Context: Despite its potent, well documented insulin sensitizing effects, rosiglitazone (RSG) does not effectively ameliorate the hypertriglyceridemia of insulin-resistant or diabetic individuals and has even been shown to slightly but significantly increase triglyceride-rich lipoproteins (TRL) in some studies. The mechanism of this effect is currently not known.

Objective: We investigated the effect of RSG treatment on TRL metabolism.

Design: 12-week, single-sequence, crossover study, rosiglitazone vs placebo for 6 weeks.

Participants: 17 non-diabetic men with a broad range of insulin sensitivity.

Intervention: Rosiglitazone 8mg/day vs placebo for 6 weeks.

Main outcome measure: TRL metabolism (concentration, production and catabolic rates) was assessed in a constant fed state with a 12-hour primed constant infusion of [D3]-L-leucine and multicompartmental modeling.
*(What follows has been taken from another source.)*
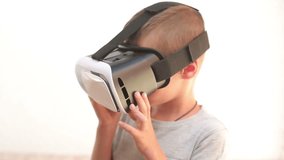 Child with VR Headset watching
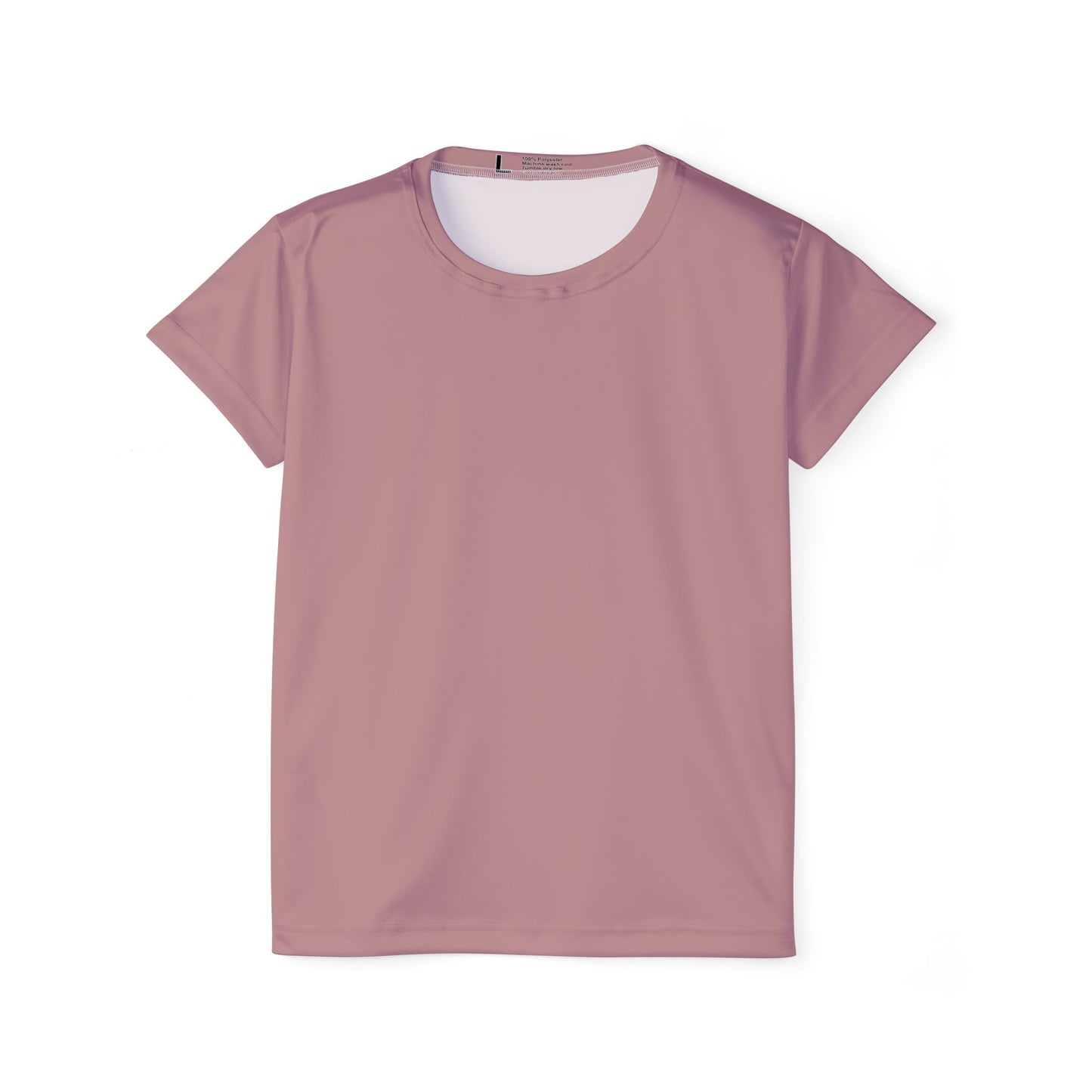 Rosy Taupe Women's Sports Jersey Short Sleeves 100% Poly Solid Mauve Color Print Athletic Tee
Results: RSG treatment resulted in significant insulin sensitization with no change in body weight. Fasting plasma triglyceride (TG) concentration, however, was higher with RSG vs placebo (p=0.0006), as were fasting and fed TRL-TG, TRL-apoB-48 and TRL-apoB-100 (fed TRLapoB-48: 0.93±0.08 vs 0.76±0.07 mg/dl, p=0.017 and fed TRL-apoB-100: 15.57±0.90 vs 13.71±1.27 mg/dl, p=0.029). This small but significant increase in plasma TRL concentration was explained by a tendency for RSG to increase TRL production while reducing particle clearance, as indicated by the significantly increased production/clearance ratios for both apoB48-containing (0.43±0.03 vs 0.34±0.03, p=0.048) and apoB-100-containing (7.0± 0.4 vs 6.2±0.6, p=0.029) TRL.

Conclusion: These data indicate dissociation between the insulin-sensitizing effects of RSG and absence of anticipated reductions in production rates of apoB-100- and apoB-48-containing-TRL particles, which may explain the absence of TG-lowering seen in humans treated with this agent.